Instant RSpec Test Driven Development How-to, by Charles Feduke, is another book in the Instant series published by Pakt Publishing designed to get the reader up and running quickly (Short, Fast, Focused). This book covers test driven development (TDD) using rspec with ruby and is designed for developers of all experience levels.
As a solutions architect who supports rails applications which are written with rspec tests, this book bridges a gap to give me more familiarity with the tests which are relied upon to validate application code.
While reading through this book I was able to quickly and easily get my environment setup with the appropriate gems and packages installed, as well as begin development on a basic application using test driven development. Charles walks the reader through creating a sample application and later on moving that into a rails application with ActiveRecord.

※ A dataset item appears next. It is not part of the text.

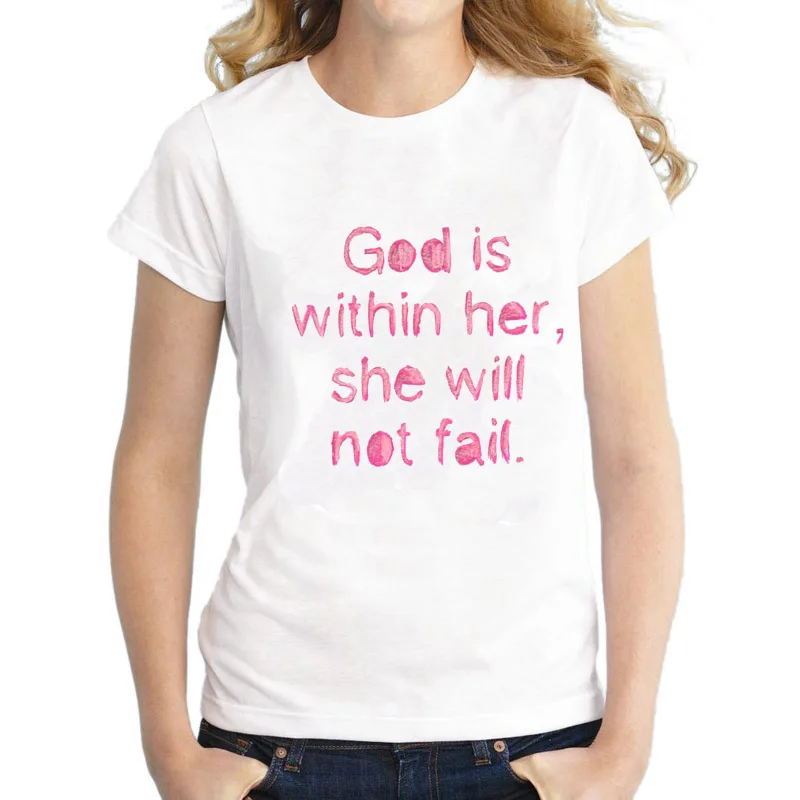 Букву &quotБог внутри нее она не подведет &quotprintting футболка Повседневное для женщин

There were many examples throughout the book and it lends itself to following along with a shell window open beside the e-reader. I found myself wondering what some of the examples were doing at times but Charles always came through and explained them within a few pages to satisfy my curiousity. The presentation method in this book is to get you up and running and then explain things a bit later on. I’m sure those more familiar with ruby development would catch on a bit quicker.
While Charles does a great job in this book explaining code refactoring, creating concise code blocks, and giving great examples, he calls out a difference in mocking and stubbing but doesn’t really explain what this critical difference is in a way that I understood it. He also covers JSON validation and file uploads which seem required for every API lately.
The book ends with coverage of capybara for client side testing. This is a great end to the book as after you develop your application function it’s time to validate that the user experience is as expected.
Overall, this was a good read. I thought it was a bit above my level, as far as ruby experience goes, but a useful tool that I will reference and use in the future as I continue to work and learn on ruby/rails projects. Thanks, Charles, I look forward to seeing more in the future.